* TASK DETAILS: Each line in the material below, starting at the one with "Press Release 13 June 2021" and ending at the one with "Vista 3 de 2", is to be reproduced exactly; no picture is to be copied.

* DATA SHOWN:
------------

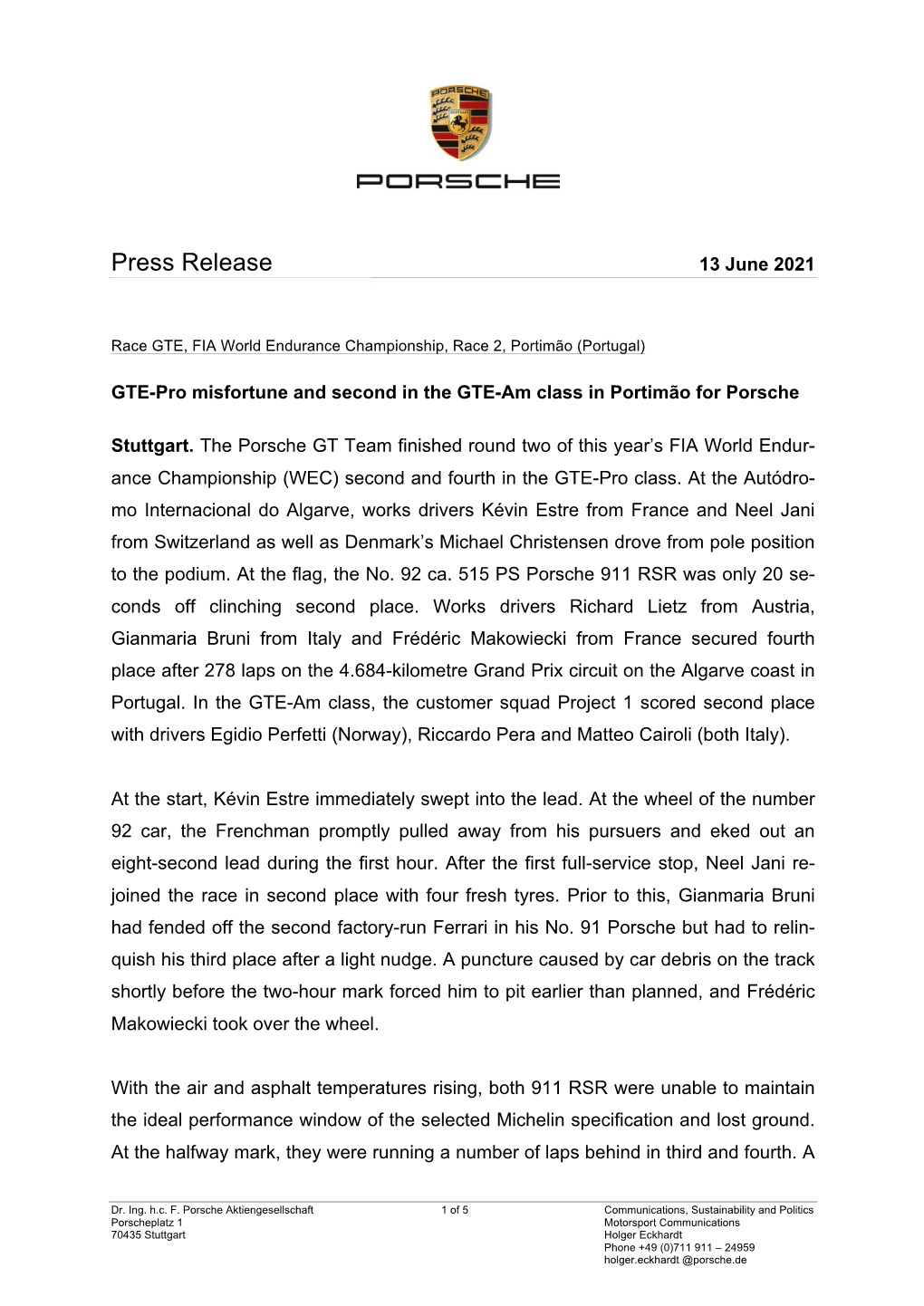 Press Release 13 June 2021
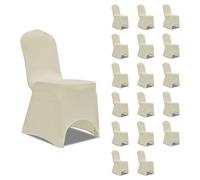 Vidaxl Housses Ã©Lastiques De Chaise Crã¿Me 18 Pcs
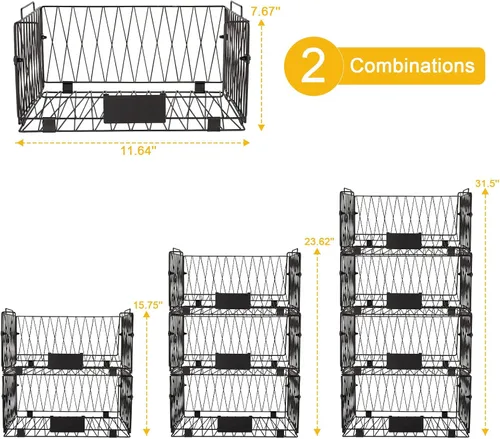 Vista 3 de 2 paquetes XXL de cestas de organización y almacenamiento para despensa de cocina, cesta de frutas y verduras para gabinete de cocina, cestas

------------

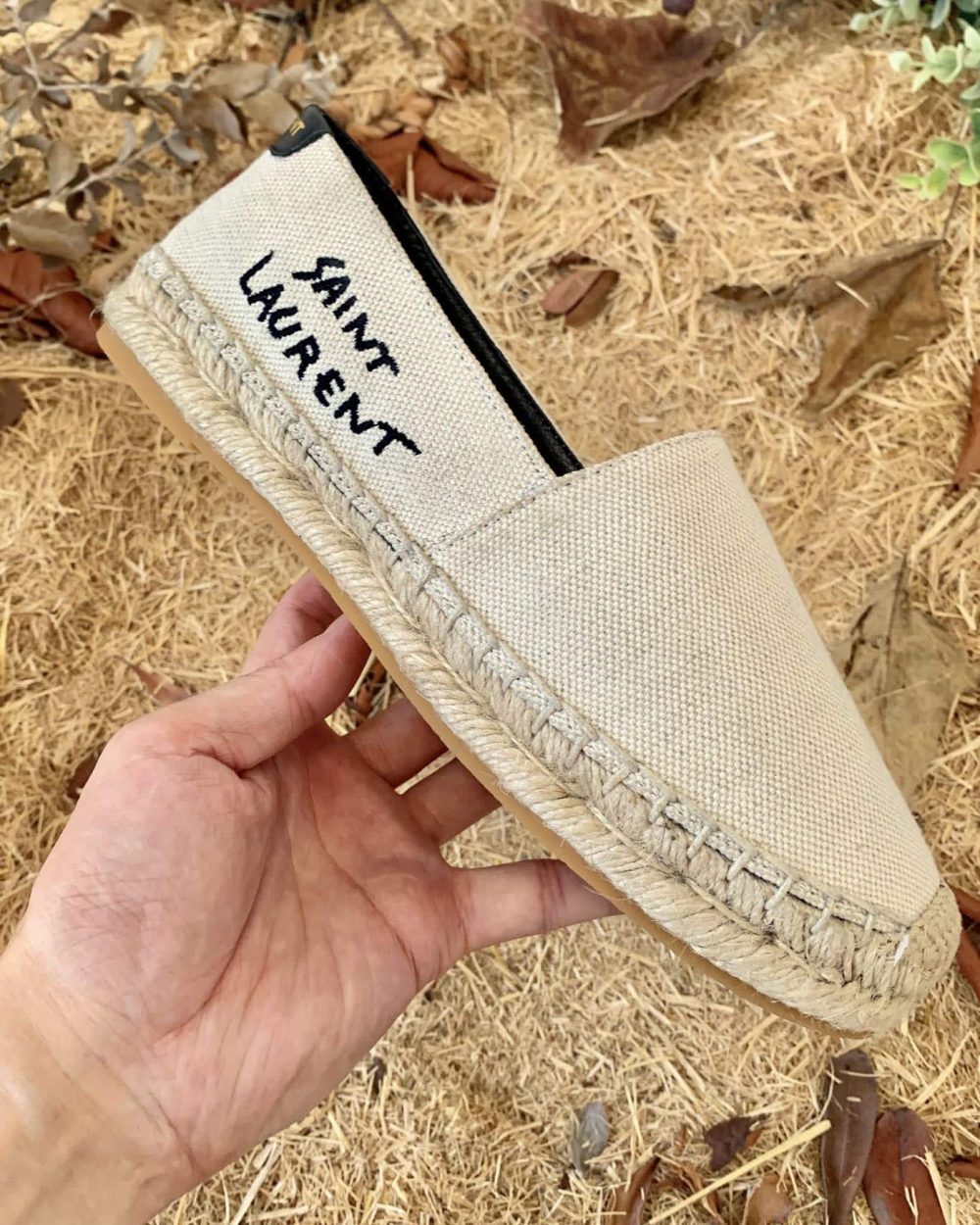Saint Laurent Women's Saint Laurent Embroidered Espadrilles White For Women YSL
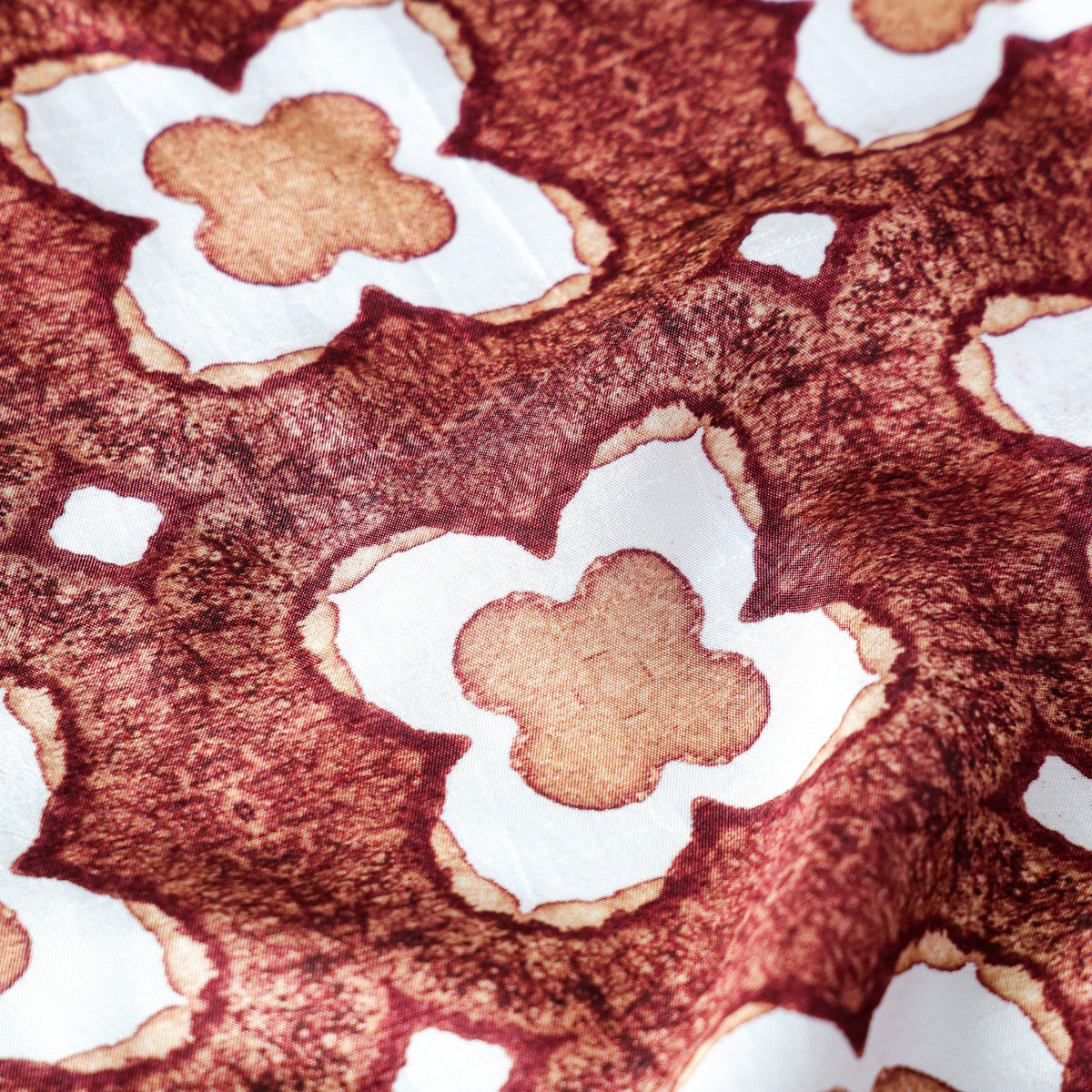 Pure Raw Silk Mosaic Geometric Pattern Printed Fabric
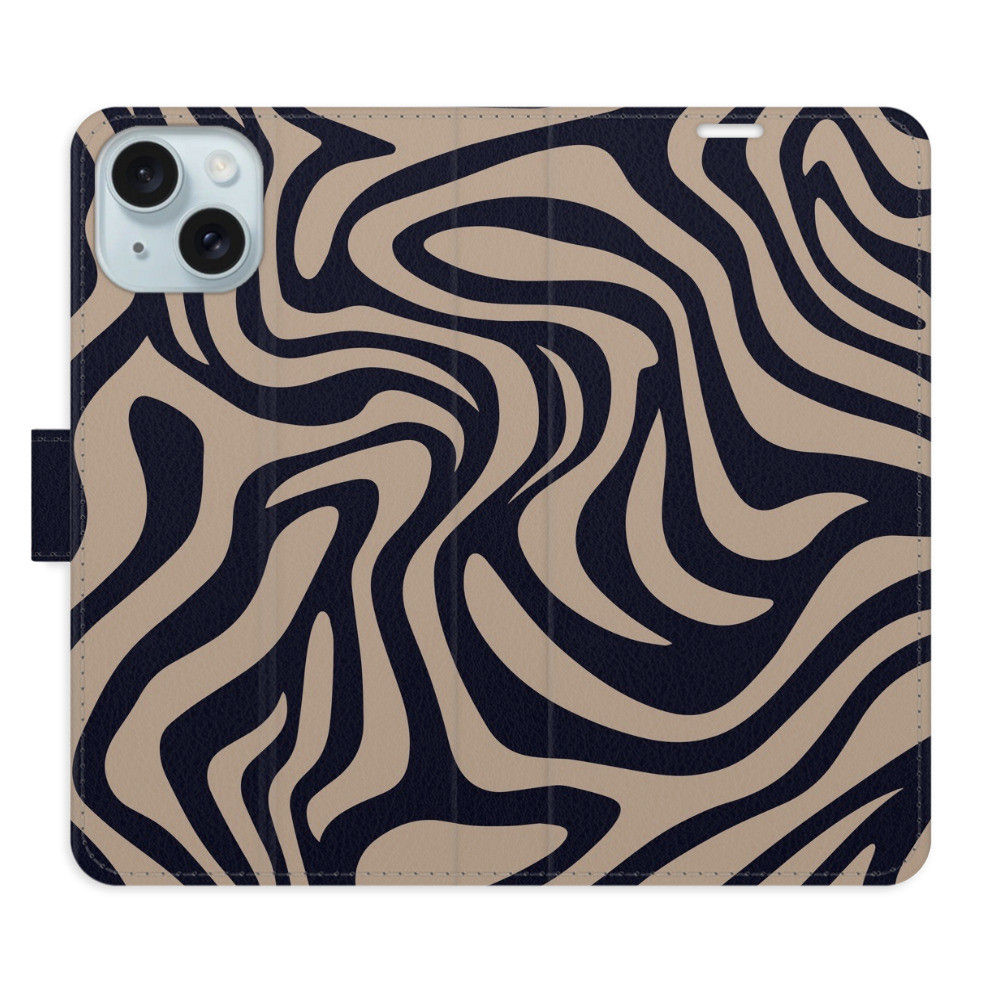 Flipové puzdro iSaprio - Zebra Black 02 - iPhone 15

------------

* WRITTEN RESPONSE:
 Press Release 13 June 2021
 Vidaxl Housses Ã©Lastiques De Chaise Crã¿Me 18 Pcs
 Vista 3 de 2 paquetes XXL de cestas de organización y almacenamiento para despensa de cocina, cesta de frutas y verduras para gabinete de cocina, cestas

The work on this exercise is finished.